> [DATA RECORDS]
· · ·
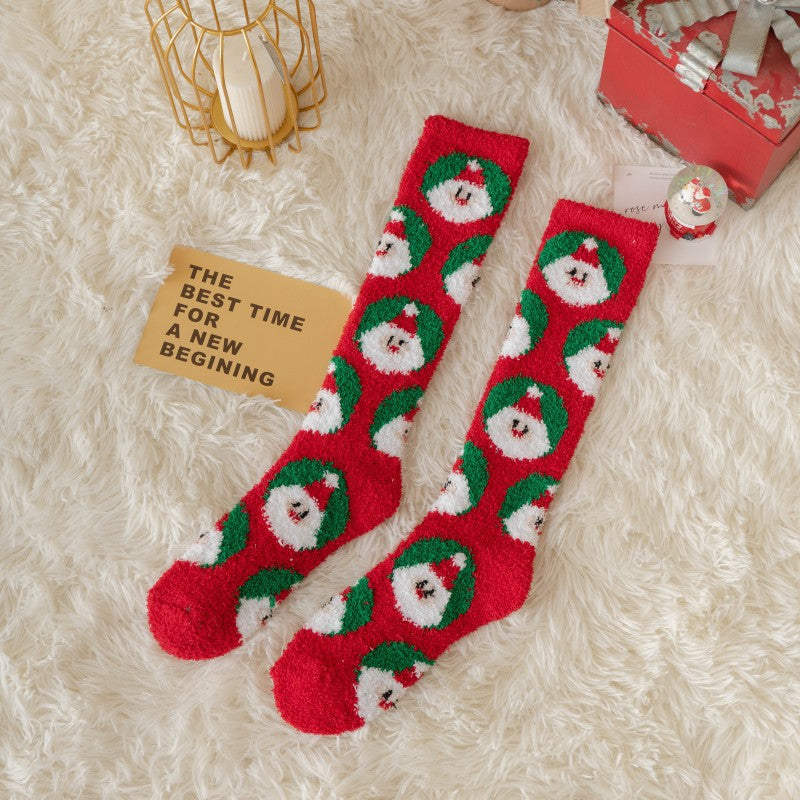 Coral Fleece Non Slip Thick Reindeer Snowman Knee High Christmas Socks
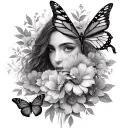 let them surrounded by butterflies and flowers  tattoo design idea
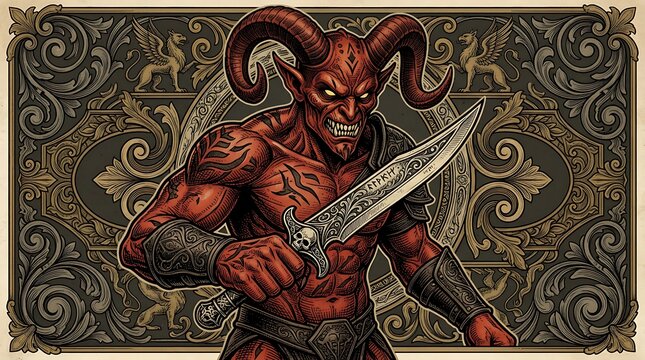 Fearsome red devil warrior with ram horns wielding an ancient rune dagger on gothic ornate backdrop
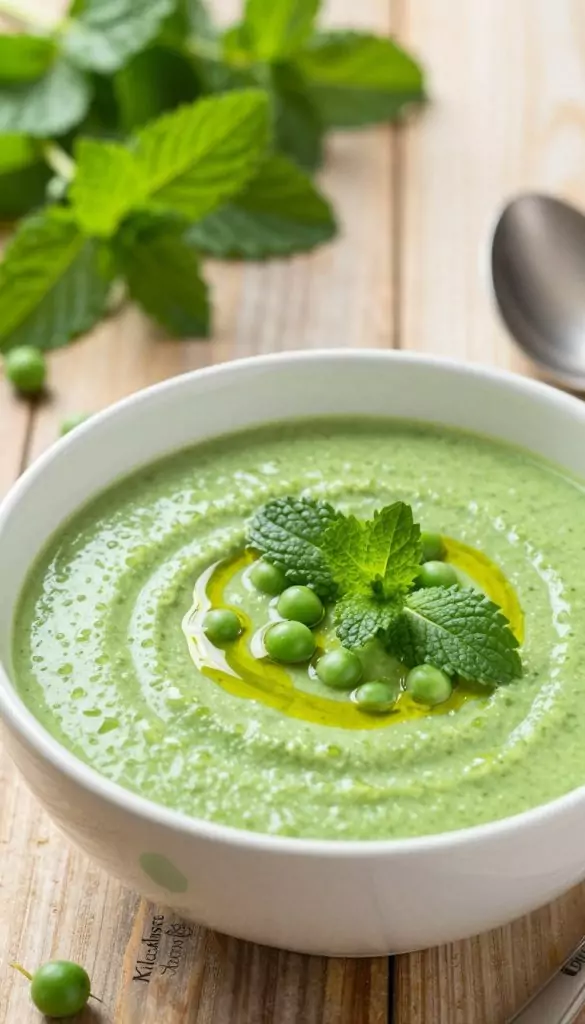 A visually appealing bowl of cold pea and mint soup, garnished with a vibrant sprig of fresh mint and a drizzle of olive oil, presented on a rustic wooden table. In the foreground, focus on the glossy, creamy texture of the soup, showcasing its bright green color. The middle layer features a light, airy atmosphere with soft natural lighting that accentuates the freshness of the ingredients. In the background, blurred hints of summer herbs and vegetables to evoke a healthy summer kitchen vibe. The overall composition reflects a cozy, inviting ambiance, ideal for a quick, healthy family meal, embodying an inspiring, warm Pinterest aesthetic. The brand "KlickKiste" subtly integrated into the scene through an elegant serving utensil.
· · ·
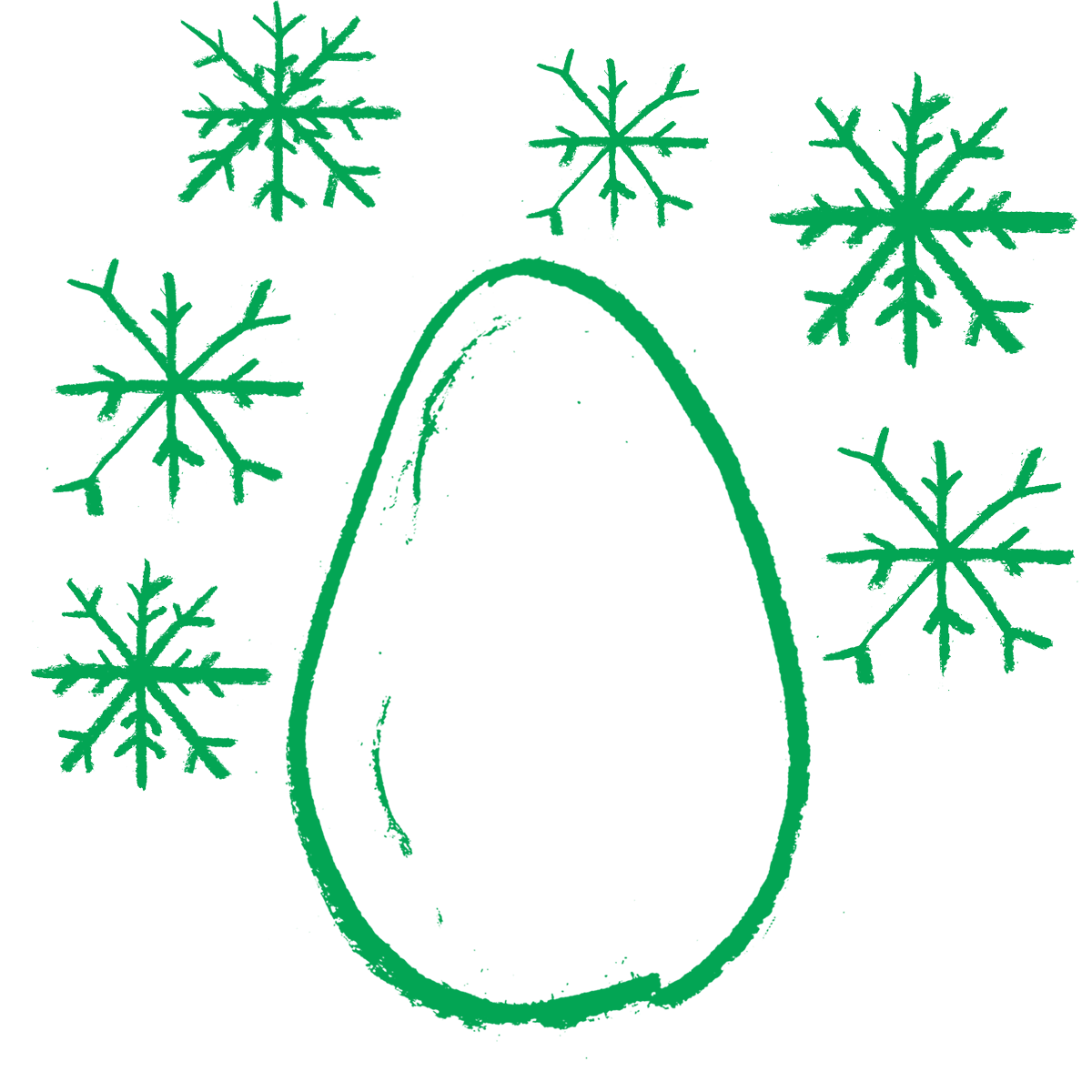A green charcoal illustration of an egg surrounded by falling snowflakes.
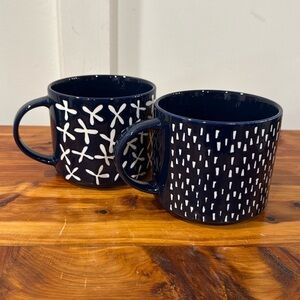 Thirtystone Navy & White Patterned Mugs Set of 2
· · ·
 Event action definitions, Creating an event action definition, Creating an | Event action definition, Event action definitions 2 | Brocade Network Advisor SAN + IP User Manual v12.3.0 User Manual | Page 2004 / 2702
· · ·
> [YOUR OBJECTIVE] Of the lines above, quote exactly those from the one with "Fearsome red devil" through the one with "A visually appealing", ends included; pictures stay out.

> [SOLUTION BELOW]
 Fearsome red devil warrior with ram horns wielding an ancient rune dagger on gothic ornate backdrop
 A visually appealing bowl of cold pea and mint soup, garnished with a vibrant sprig of fresh mint and a drizzle of olive oil, presented on a rustic wooden table. In the foreground, focus on the glossy, creamy texture of the soup, showcasing its bright green color. The middle layer features a light, airy atmosphere with soft natural lighting that accentuates the freshness of the ingredients. In the background, blurred hints of summer herbs and vegetables to evoke a healthy summer kitchen vibe. The overall composition reflects a cozy, inviting ambiance, ideal for a quick, healthy family meal, embodying an inspiring, warm Pinterest aesthetic. The brand "KlickKiste" subtly integrated into the scene through an elegant serving utensil.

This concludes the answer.